I don’t think I have read an Atwood novel that I haven’t liked. So I was keen to read this – I did ask at my local Dymocks and they hadn’t heard of it, which is very upsetting. Anyway this is a re-telling of Shakespeare’s The Tempest (part of the Hogarth Shakespeare project). I know nothing about The Tempest, so I read the wikipedia summary (although having read that I think The Collector by John Fowles might have some Tempest allusions – there is a Miranda, a man who wants to be called Ferdinand, but gets called Caliban – I do wonder now what my English Lit teacher was thinking not to mention Shakespeare?)
Here’s the blurb …
The Tempest is set on a remote island full of strange noises and creatures.
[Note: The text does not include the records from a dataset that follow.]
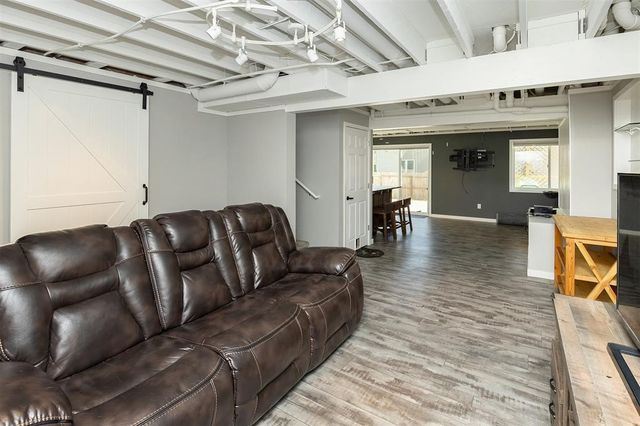 825 SE Hummingbird Circle, Waukee, IA 50263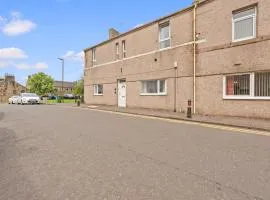 Modern Bannockburn Guest House - Ensuite Rooms Only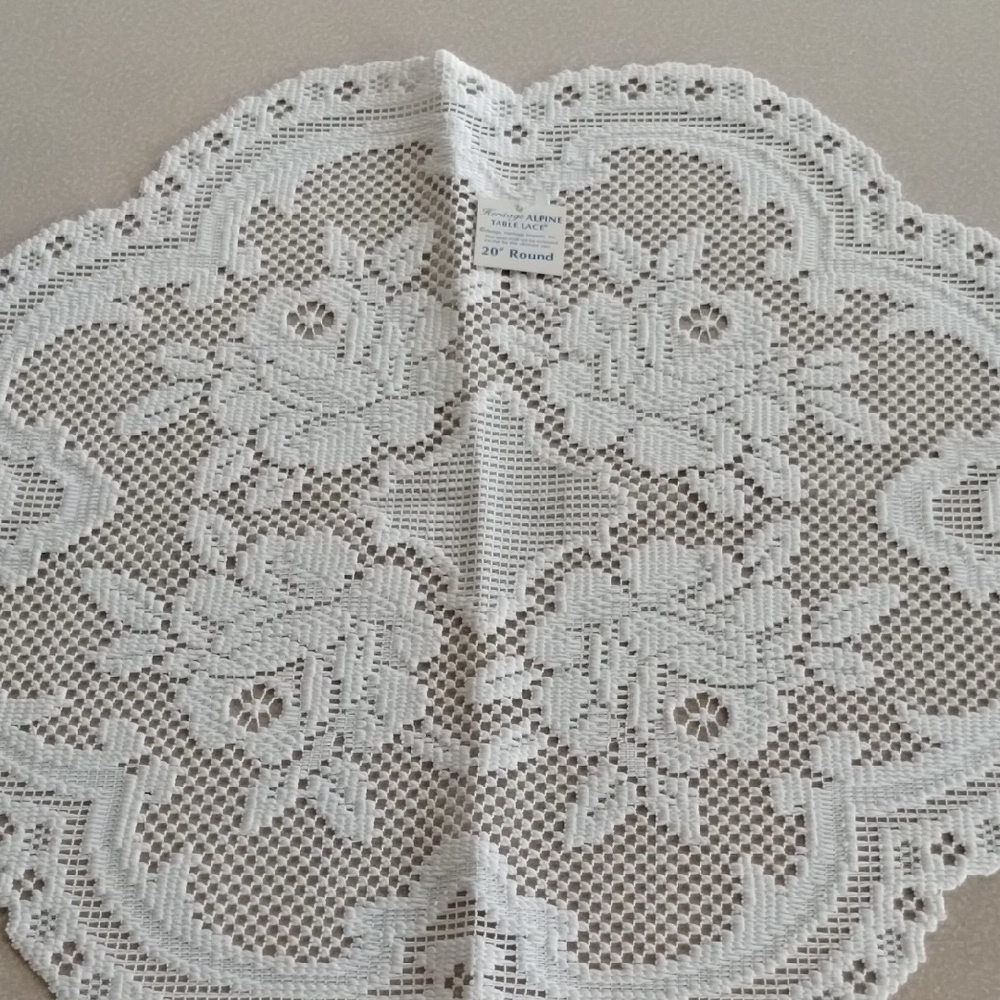 NWT Ivory Lace Crocheted Doily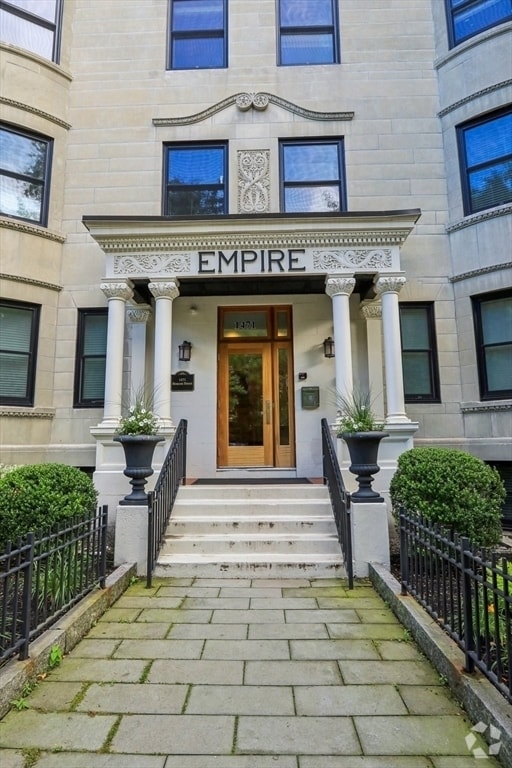 Building Photo - 1471 Beacon St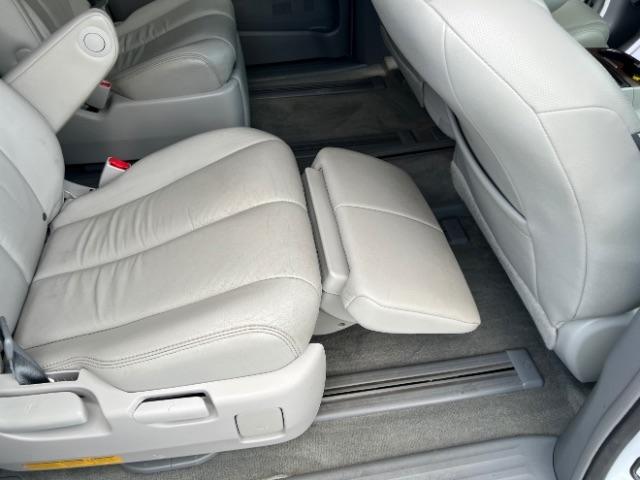 Toyota Sienna Limited AWD 7-Passenger V6 2014
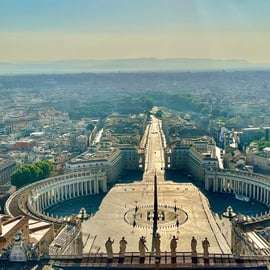 Tour della Basilica di San Pietro, della tomba, della cupola e della necropoli sotterranea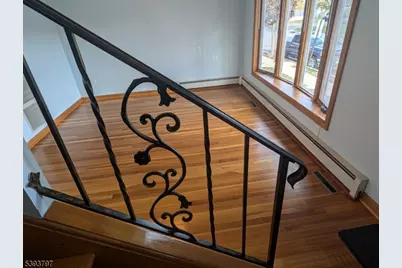 111 E 13th St, Linden, NJ 07036 - Photo 34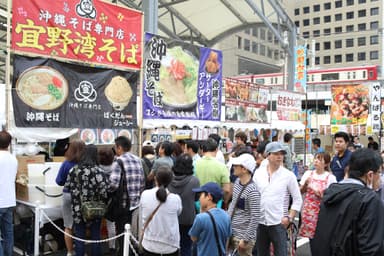 飲食会場昨年の様子(2)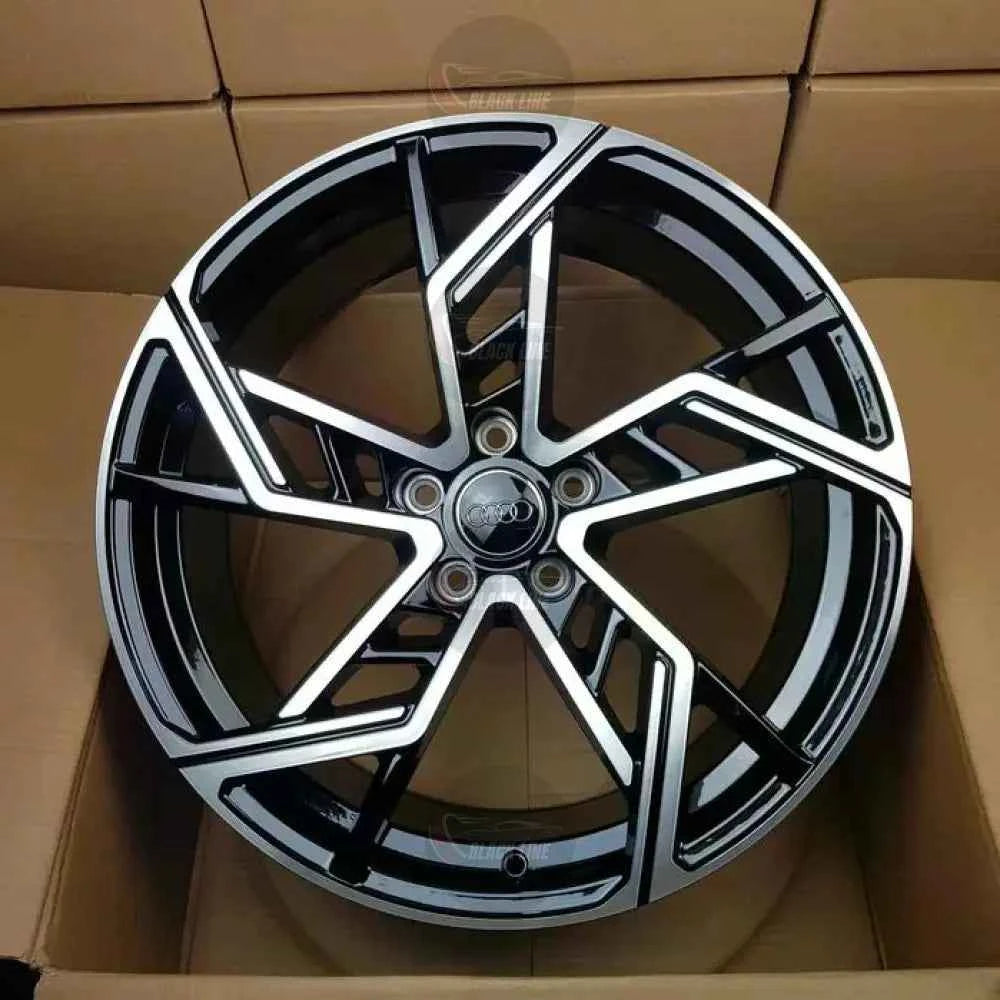 Llantas Deportivas Estilo Audi de Cinco Radios Dobles – Negro y Plata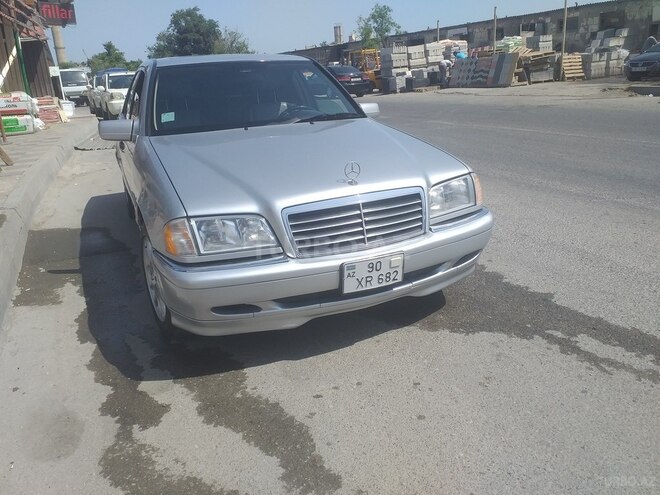 Mercedes C 240 2000, 300,000 km - 2.8 l - Bakı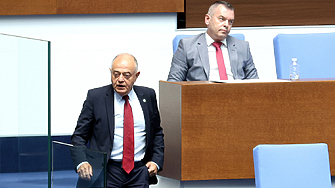 Стари медийни публикации си пробиха път днес до пленарна зала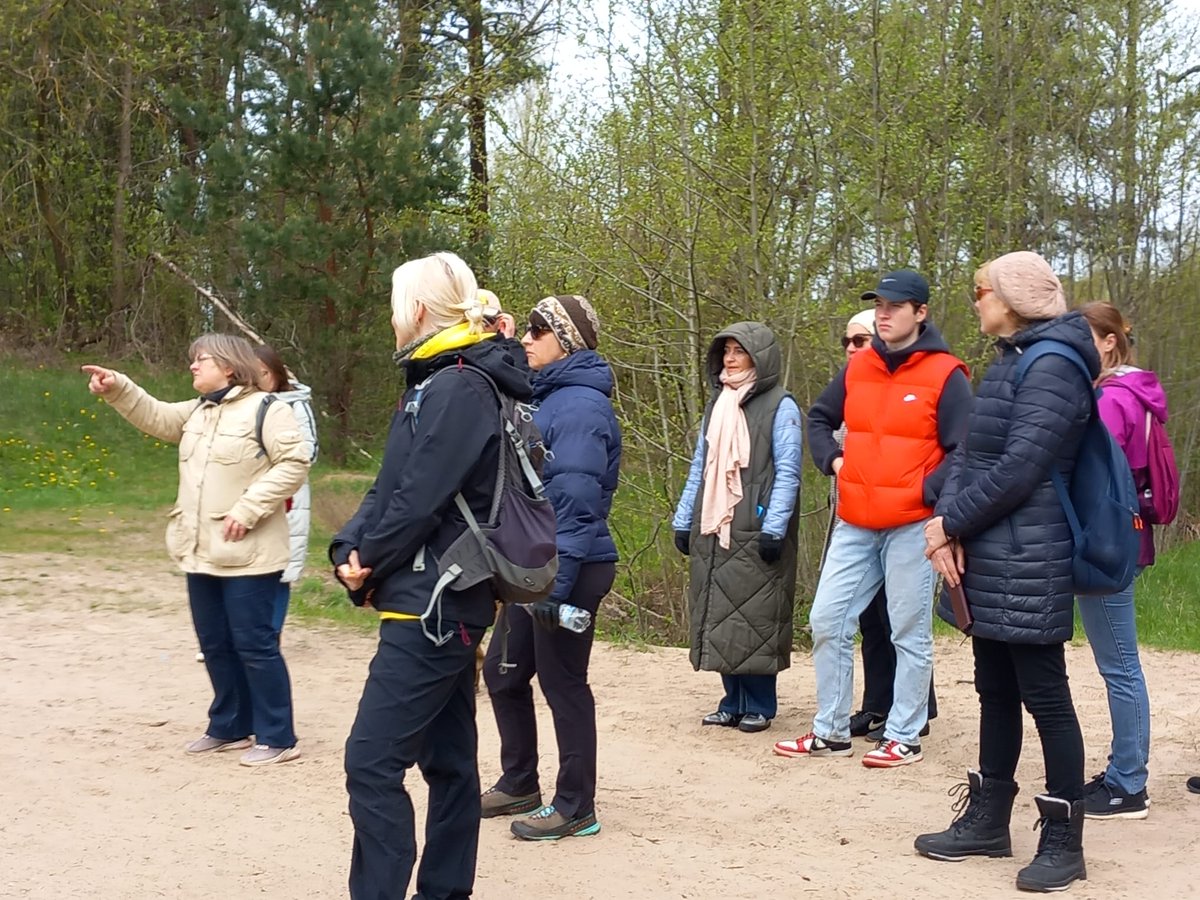 Šodien pa Juglas maz pazīstamo daļu izstaidzināju 16 cilvēkus. Promenāde, vecais tilts, kanalizācijas muzejs, Bābelītes ezers.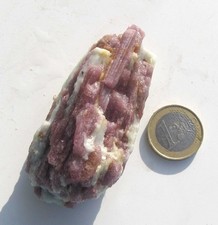 Roter Turmalin in Quarz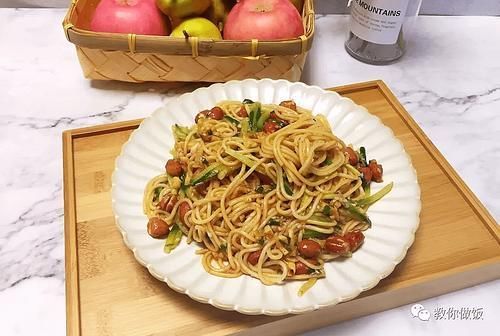 花生米|不想吃饭的时候来一碗这个拌面,吃一口那是幸福的感觉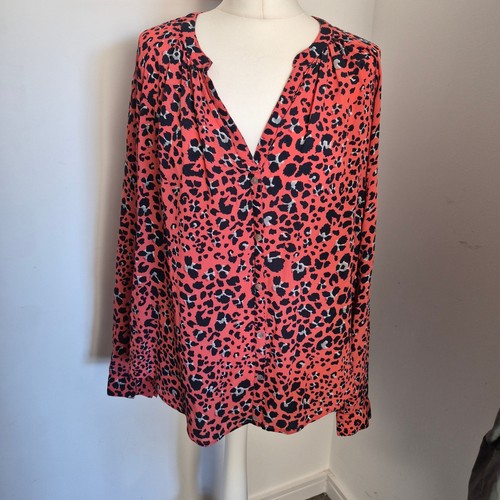 Pyrus london lizzie - pyrus, red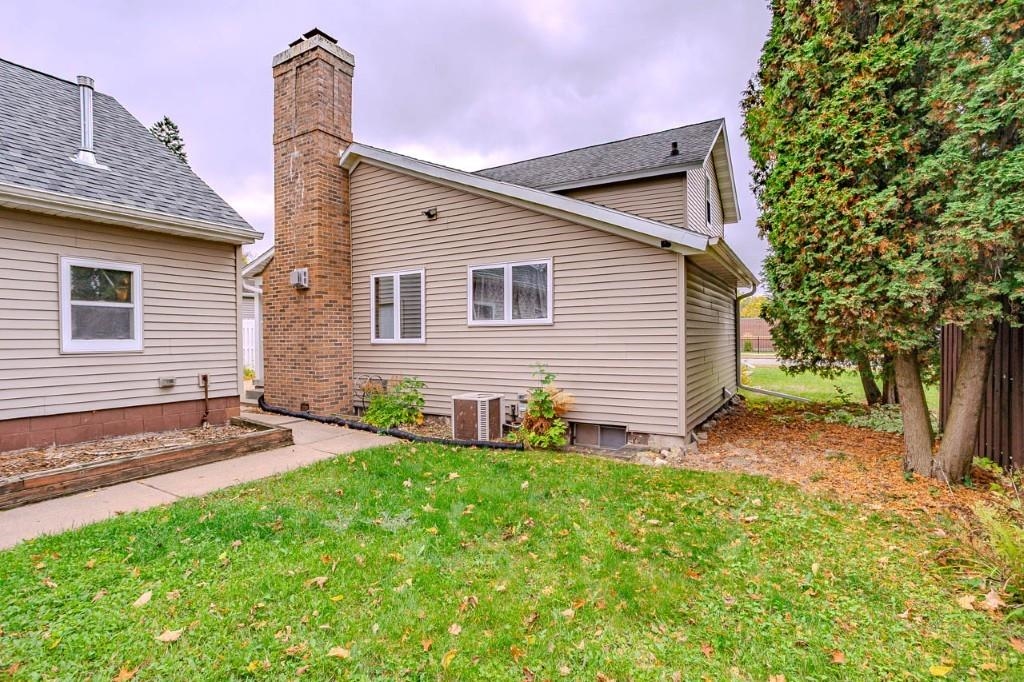 614 E UNION AVENUE, Wausau, Wisconsin 54403, 2 Bedrooms Bedrooms, ,2 BathroomsBathrooms,Residential,For Sale,614 E UNION AVENUE,22605208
Here, Prospero, the deposed Duke of Milan, plots to restore the fortunes of his daughter Miranda by using magic and illusion — starting with a storm that will bring Antonio, his treacherous brother, to him. All Prospero, the great sorcerer, needs to do is watch as the action he has set in train unfolds.
In Margaret Atwood’s ‘novel take’ on Shakespeare’s original, theatre director Felix has been unceremoniously ousted from his role as Artistic Director of the Makeshiweg Theatre. When he lands a job teaching theatre in a prison, the possibility of revenge presents itself — and his cast find themselves taking part in an interactive and illusion-ridden version of The Tempest that will change their lives forever.
I found this to be quite the page turner – and I am quite sure I wouldn’t have found the original to be so enthralling.
It is such a clever, fun, modern interpretation (and the prisoners offer insightful commentary about the original).
As with all Atwood novels, it is beautifully written – her choice of words is extraordinary (it must be the poet in her). I wish she would write for the Austen project, which apart from Northanger Abbey has been quite disappointing.